1999 Nigerien coup d'état
| Date | 9 April 1999 |
| Location | Niger |
| Result | Government overthrown; Ibrahim Baré Maïnassara assassinated; Daouda Malam Wanké installed as President; |

Belligerents
- Government of Niger: Niger Presidential Guard

Commanders and leaders
- President Ibrahim Baré Maïnassara X: Daouda Malam Wanké Moussa Moumouni Djermakoye Djibrilla Hima Hamidou

Strength

Casualties and losses
- 1: 0

= 1999 Nigerien coup d'état =

Military overthrow and assassination of Ibrahim Baré Maïnassara

The 1999 Nigerien coup d'état occurred on 9 April 1999 and resulted in the death of President Ibrahim Baré Maïnassara and the installation of Daouda Malam Wanké as President on 11 April. Maïnassara was shot under unclear circumstances in an ambush at either Diori Hamani International Airport, potentially while attempting to flee the country, or at a military base, likely by members of the Presidential Guard.

==Background==
Maïnassara, a career soldier, had seized power in a coup d'état in January 1996. In doing so, he removed democratically elected President Mahamane Ousmane. Five months later, a new constitution was approved by referendum in May 1996, and a presidential election was held on July 7–8, 1996. Maïnassara took about 52% of the vote, but the election was almost universally perceived as fraudulent. The second day of polling, Maïnassara dissolved the electoral commission and replaced it with a new commission. On the same day, he also placed all four of his opposition candidates under house arrest, which lasted for two weeks. Maïnassara was sworn in on August 7.

The National Union of Independents for Democratic Renewal (UNIRD) was established in 1996 to support Maïnassara in that year's elections, but subsequently the Rally for Democracy and Progress-Jama'a was established as the ruling party. Due to the constitution barring presidents from leading parties, Hamid Algabid became leader of the RDP-Jama'a in August 1997.

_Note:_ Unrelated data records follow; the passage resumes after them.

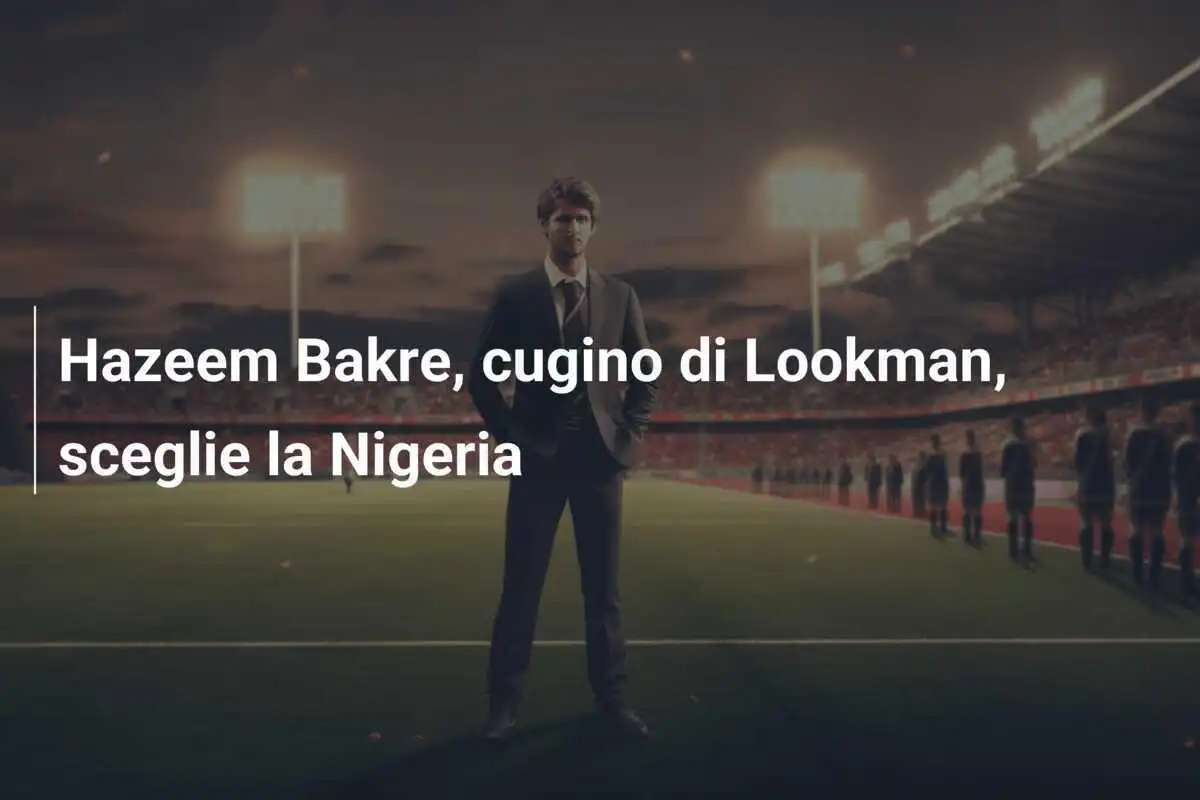 Hazeem Bakre, cugino di Lookman, sceglie la Nigeria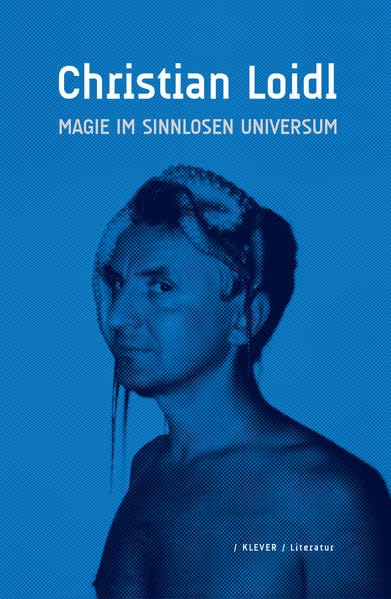 Magie im sinnlosen Universum: Gesammelte Prosa aus dem Nachlass book
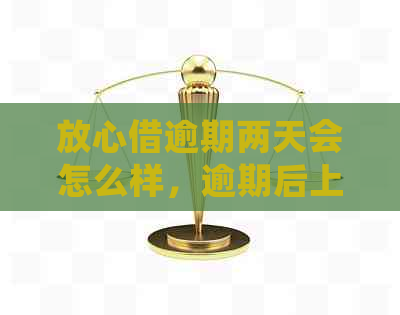 放心借逾期两天会怎么样，逾期后上吗？一天和两天的后果有何不同？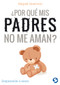 ¿Por qué mis padres no me aman? (Empezando a sanar) by Raquel Guerrero, 9786079472597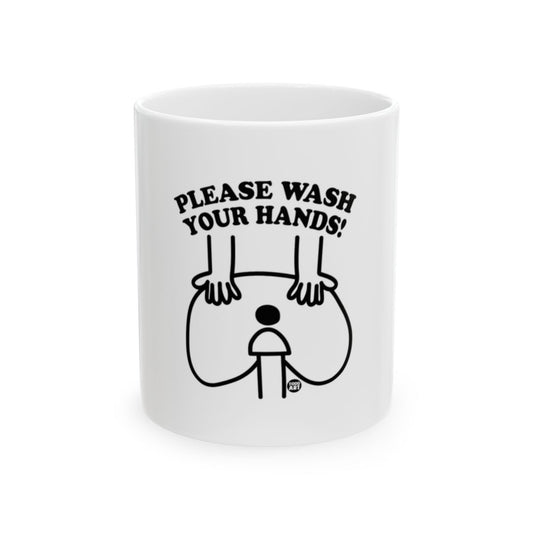 Please Wash Your Hands Fun Graphic Mug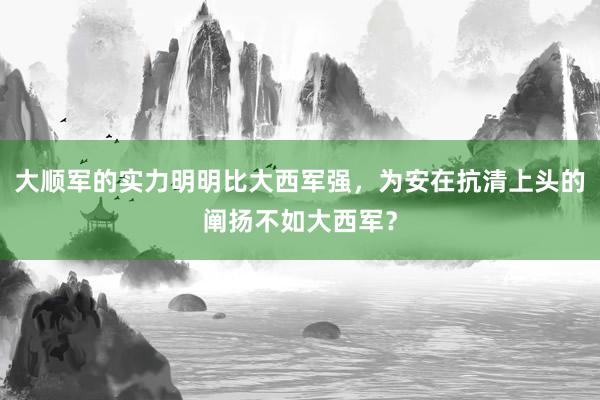 大顺军的实力明明比大西军强，为安在抗清上头的阐扬不如大西军？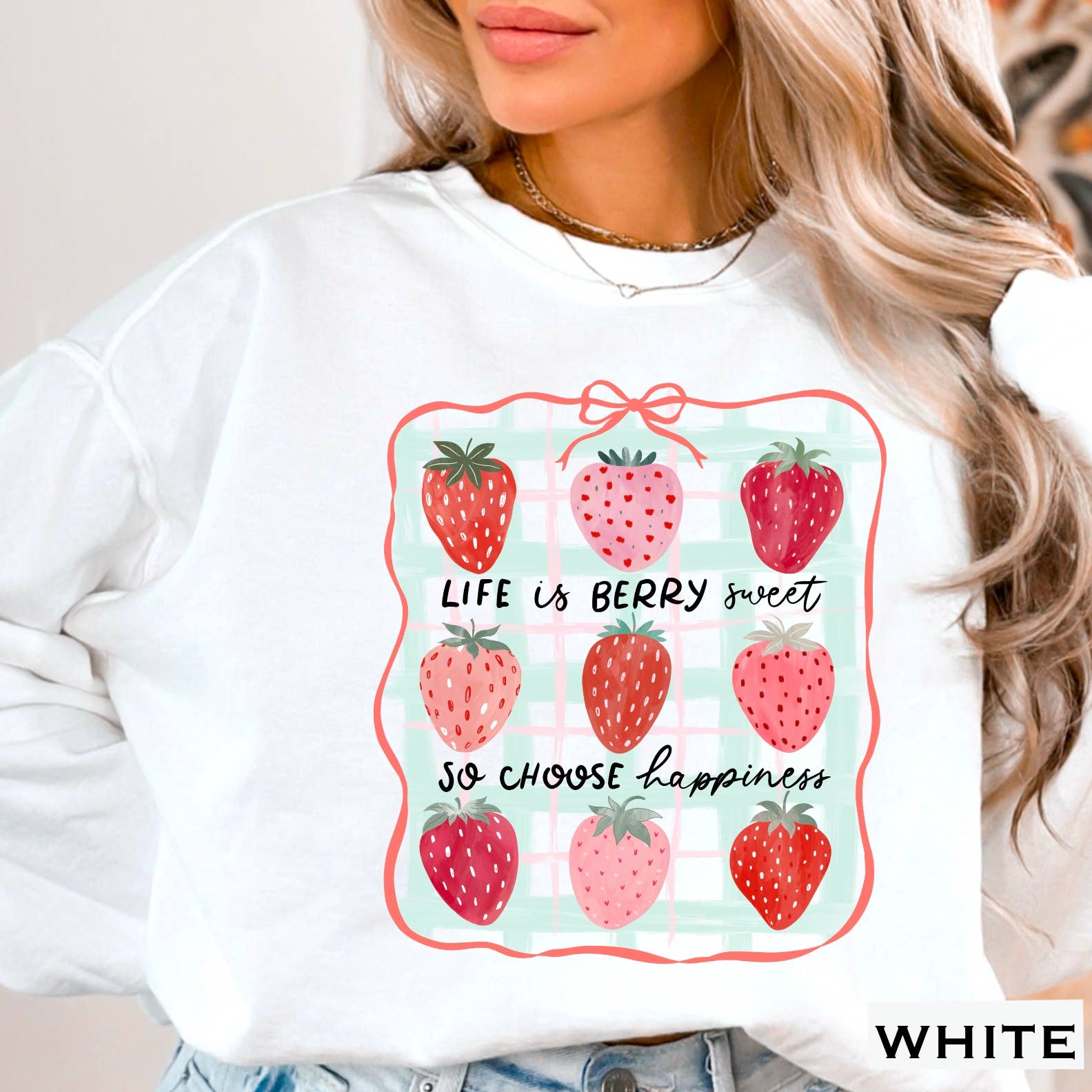 Life Is Berry Sweet Strawberry  Women’S Graphic Sweatshirt T-Shirts, Hoodie | PodTeesHub.com
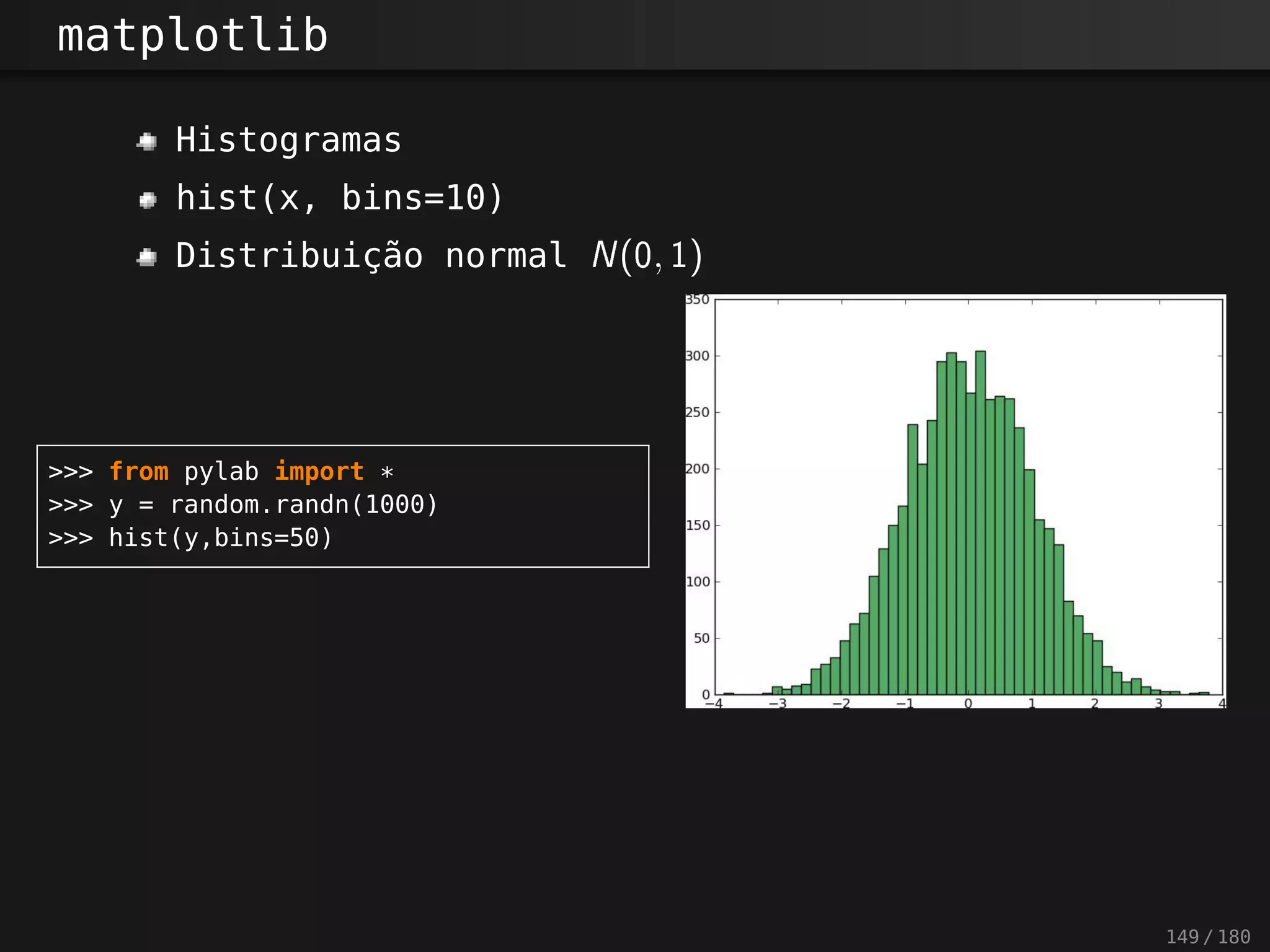 matplotlib
Histogramas
hist(x, bins=10)
Distribuição normal N(0, 1 )
>>> from pylab import *
>>> y = random.randn(1000)
>>> hist(y,bins=50)
149 / 180
 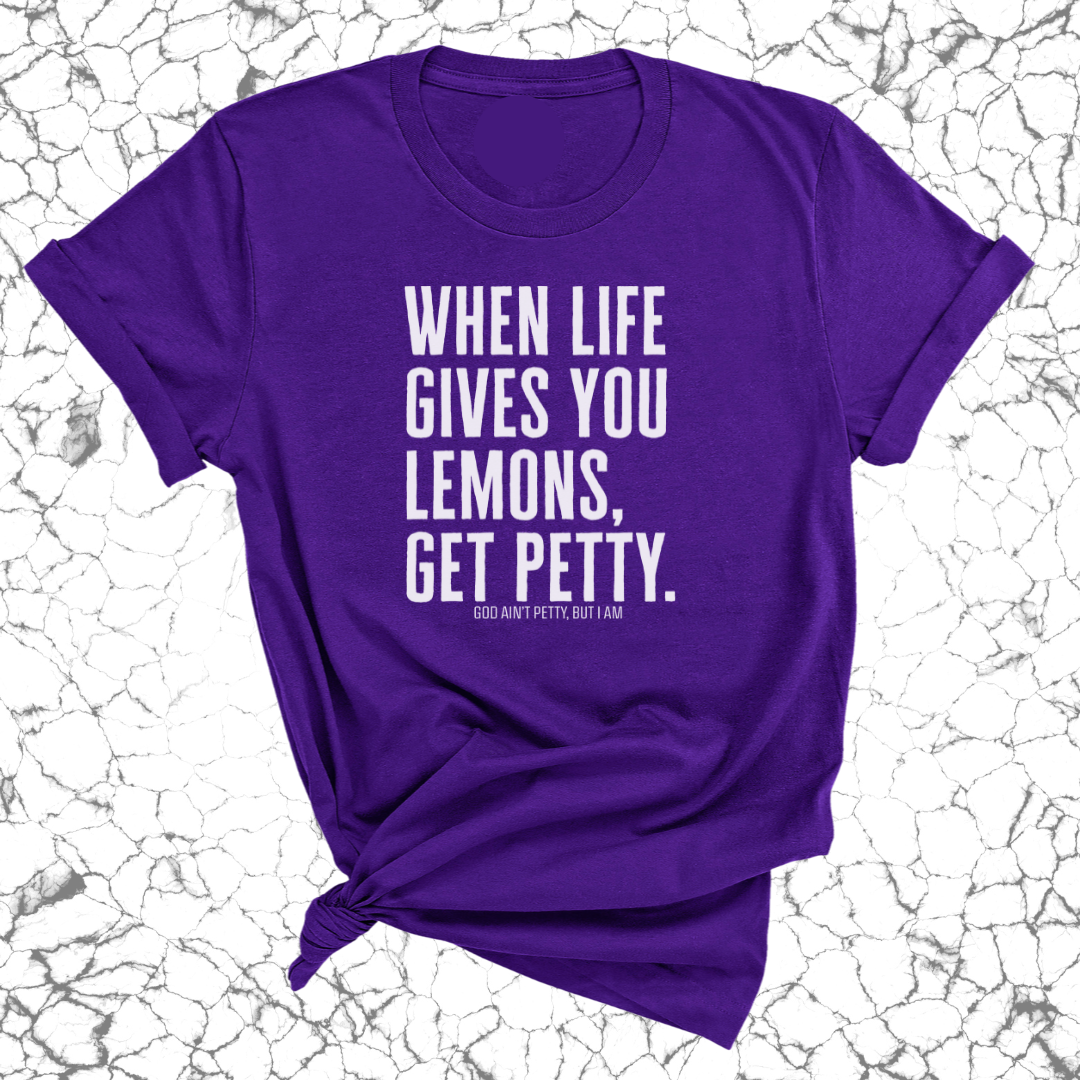 When life gives you lemons, get petty Unisex Tee-T-Shirt-The Original God Ain't Petty But I Am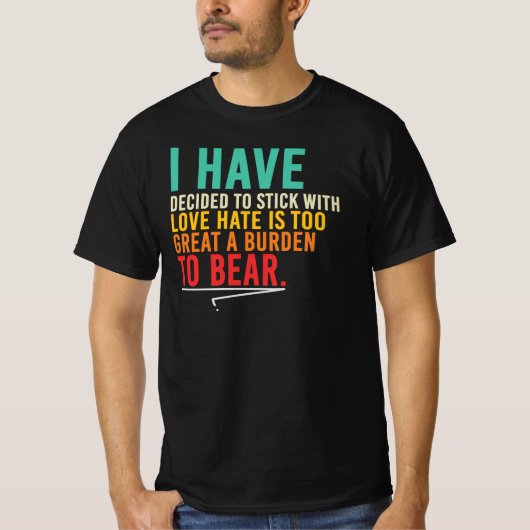 愛にとどまることに決めた Tシャツ (正面)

Local elections were held in February 1999, and in early April the Supreme Court released results which showed the opposition winning more seats than Maïnassara's supporters; the Court also cancelled the results in many areas and ordered elections there to be held again. The opposition called for protests against the cancellation of results on April 8.

==Aftermath==
The new constitution adopted following the July 1999 referendum provided amnesty for participants in both the 1996 and 1999 coups. An investigation into Maïnassara's death had started in June 1999, but following the implementation of amnesty the investigation was ended in September.

Wanké led a transitional government towards democratic elections, which were held in October and November 1999. The elections saw Mamadou Tandja become President of Niger in December 1999, who was later ousted in the 2010 Nigerien coup d'état following a constitutional crisis in 2009, which was caused by Tandja's efforts to remain in office beyond the originally scheduled end of his term.